Your assignment: Output exactly, in the material below, the lines from the one with "The Smokey Staunton" through the one with "Chaqueta The North Face Gris". Omit all pictures.

Task inputs:
'''

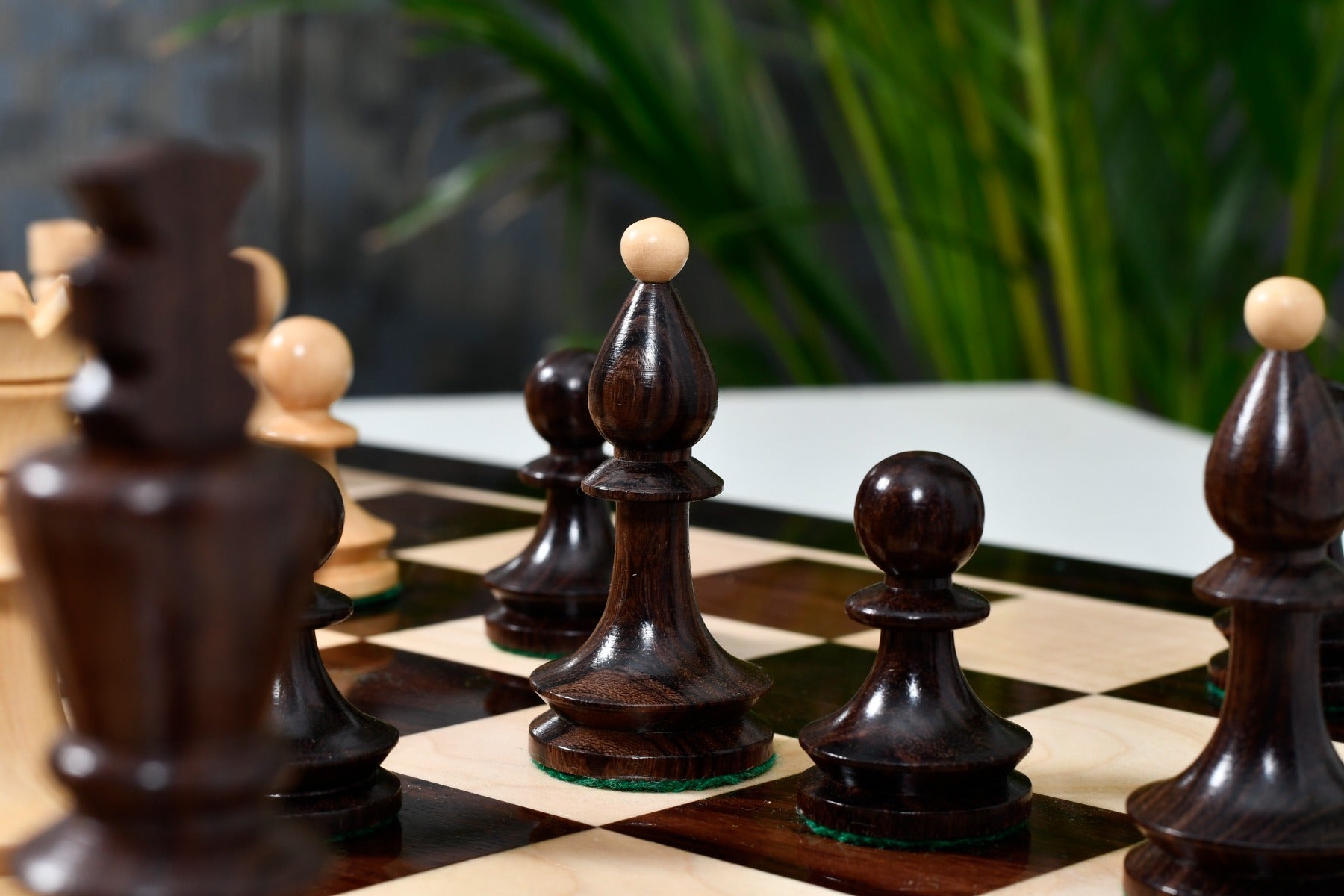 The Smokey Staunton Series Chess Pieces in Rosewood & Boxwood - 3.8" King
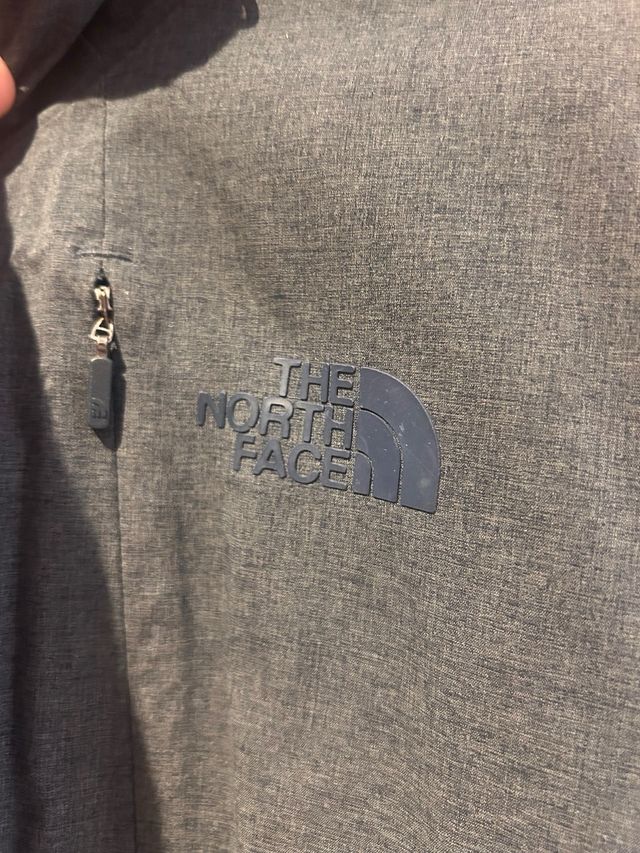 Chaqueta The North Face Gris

'''
'''

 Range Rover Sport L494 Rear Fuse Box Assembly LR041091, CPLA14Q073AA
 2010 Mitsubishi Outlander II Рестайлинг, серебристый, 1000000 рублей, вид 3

'''

Finished task:
 The Smokey Staunton Series Chess Pieces in Rosewood & Boxwood - 3.8" King
 Chaqueta The North Face Gris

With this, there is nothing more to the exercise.